Zudem wollten wir bewusst Künstler, Politiker und Freiberufliche einbinden – Gruppen, die in Zürich eher unterrepräsentiert waren. Das Interesse war da: In Bern luden wir 50 Leute ein, 35 kamen, zehn wurden sofort Mitglied. Natürlich kam die Frage nach dem «Return on Investment», was bringt einem eine Mitgliedschaft bei network? Ich sage dann jeweils: Frage nicht, was network für dich tun kann, sondern was du für network tun willst. Ein Verein lebt vom Engagement seiner Mitglieder.
Zur Gründungszeit gingen viele Berufsleute sehr diskret mit ihrer sexuellen Orientierung um. Musste man sich outen?
Nein, das war keine Bedingung, aber erwünscht. Aber bei denen, die ich als Götti begleitet habe, war eine grundsätzliche Bereitschaft vorhanden, sonst hätte ich sie nicht empfohlen. Wir erwarten Engagement, manchmal auch öffentliches. Es gab aber auch Fälle, etwa katholische Geistliche, bei denen klar war, dass ein Coming-out nicht möglich war. Das wurde respektiert – in der Hoffnung, dass sich die Zeiten ändern.
Die Idee hinter network war immer, dass wir bereit sind, Gesicht zu zeigen – mein Partner und ich haben damals ein Interview mit Bild bei uns im Esszimmer gegeben, beim Sonntagsbrunch. Wir wollten andere Bilder vermitteln, Selbstverständlichkeit zeigen und damit Ängste abbauen.
Wie haben sich die jungen Networker im Lauf der 30 Jahre gewandelt?
Heute sind praktisch alle geoutet. Das ist ein gesellschaftlicher Wandel. Die Angst vor Diskriminierung hat abgenommen, auch wenn sie nicht ganz verschwunden ist. Die Grundprobleme des Coming-outs sind ähnlich wie vor 50 Jahren, aber es gibt heute viel mehr Vorbilder. Das hatten wir nicht, als ich 20 war. Damals kannte man vielleicht einen Schauspieler oder Coiffeur – mehr nicht.

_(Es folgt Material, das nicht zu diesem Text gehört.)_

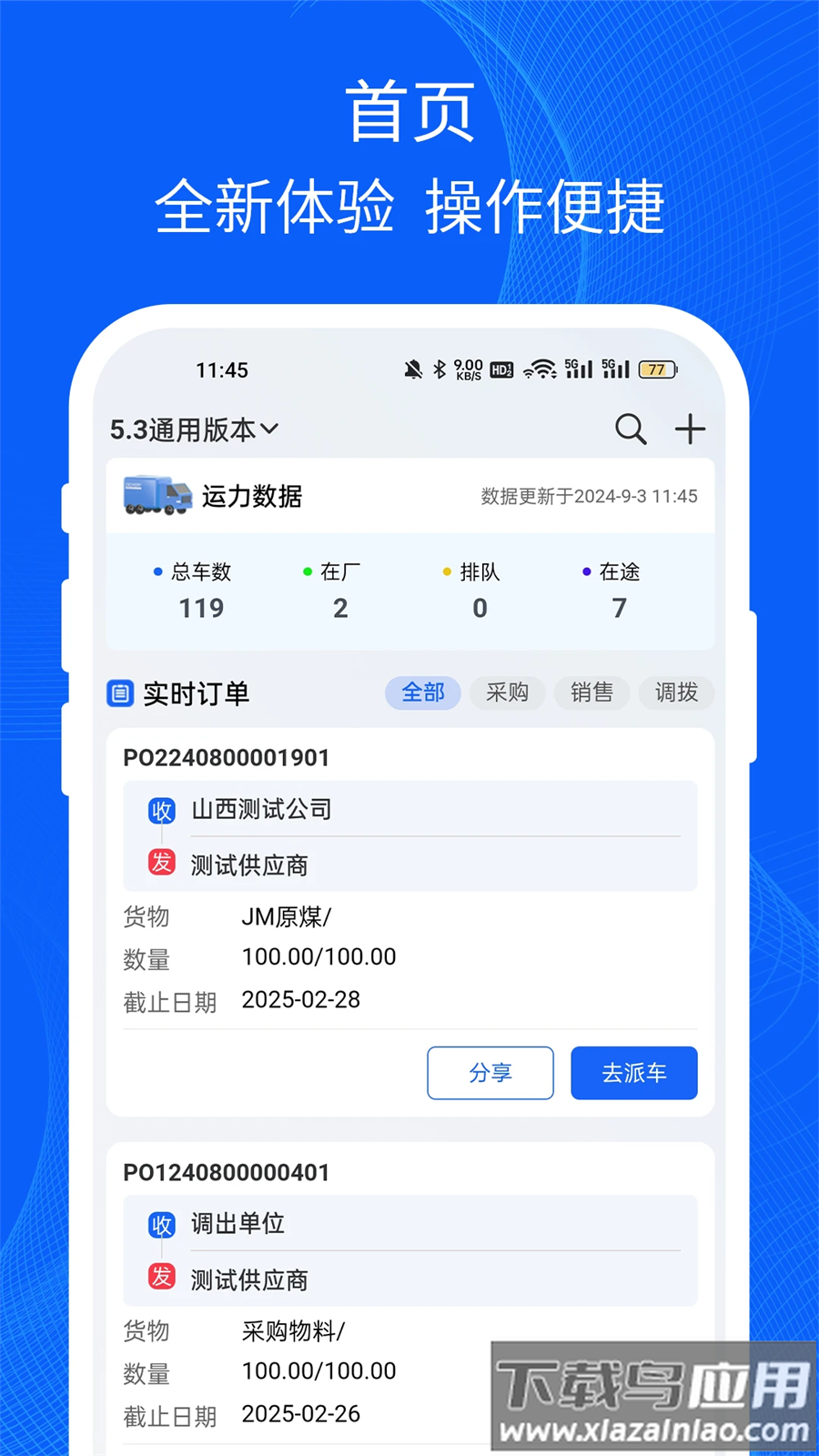 易快运司机app最新版截图2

Heute ist das völlig anders. Die jungen Männer sind selbstbewusster, und das finde ich sehr positiv. Man darf nicht vergessen: Bis in die 90er-Jahre galt Homosexualität bei der WHO als Krankheit. Für mich persönlich war das zwar nie ein inneres Problem, aber gesellschaftlich war es Realität.
Was wünscht du Network zum 30-jährigen Jubiläum?

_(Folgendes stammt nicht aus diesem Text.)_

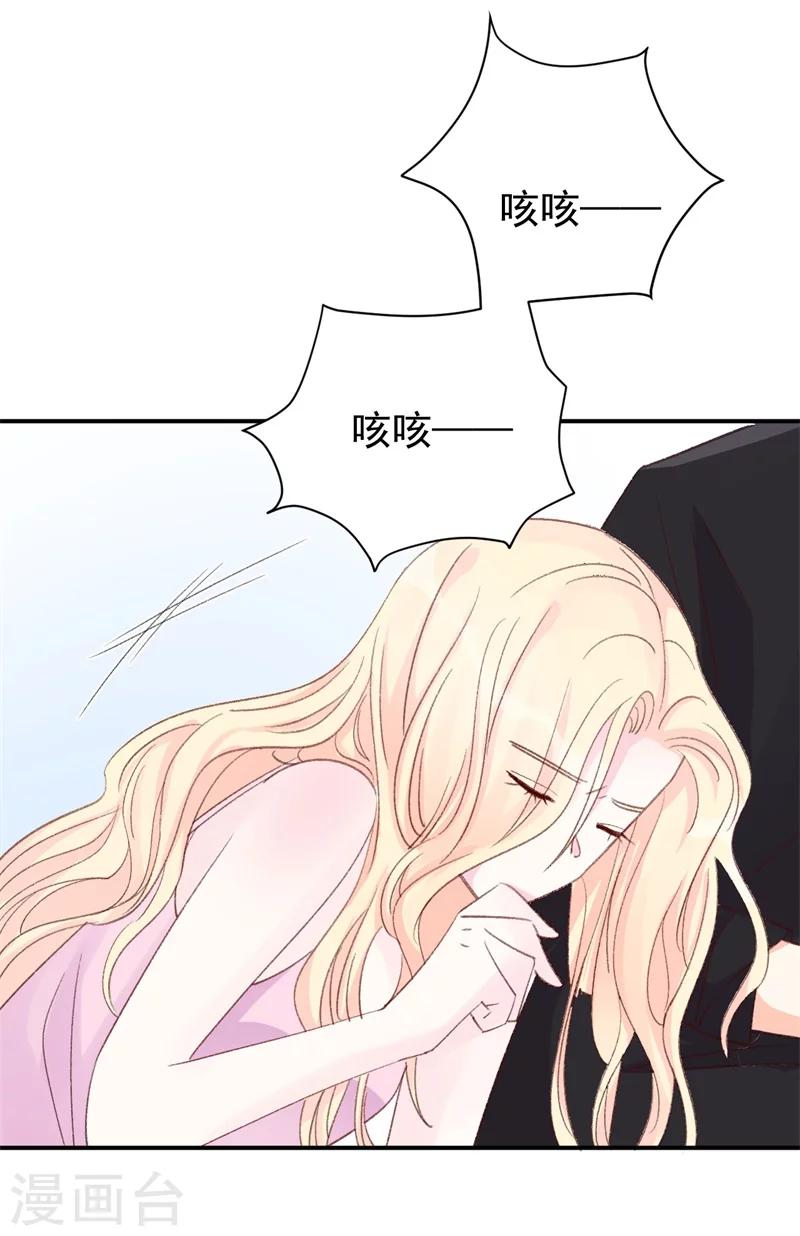 《帝少的契约前任》第15话 留下来好吗？ 第17页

Früher haben wir gewitzelt, es wäre schön, wenn es network irgendwann nicht mehr bräuchte. Aber network stiftet ja nicht nur Wirkung, sondern auch Freundschaften – das ist ein grosser Wert.
Ich wünsche mir drei Dinge: Erstens noch mehr Diversität und ein grösseres Bewusstsein dafür, wie unterschiedlich wir auch innerhalb unserer eigenen Gruppe sind. Zweitens Qualität – wir müssen nicht um jeden Preis wachsen, sondern inhaltlich stark bleiben. Und drittens Engagement. Ich wünsche mir noch mehr Mitglieder, die bereit sind, sich einzusetzen – für unsere Anliegen und für andere Gruppen, die heute Diskriminierung erleben, so wie wir sie erlebt haben.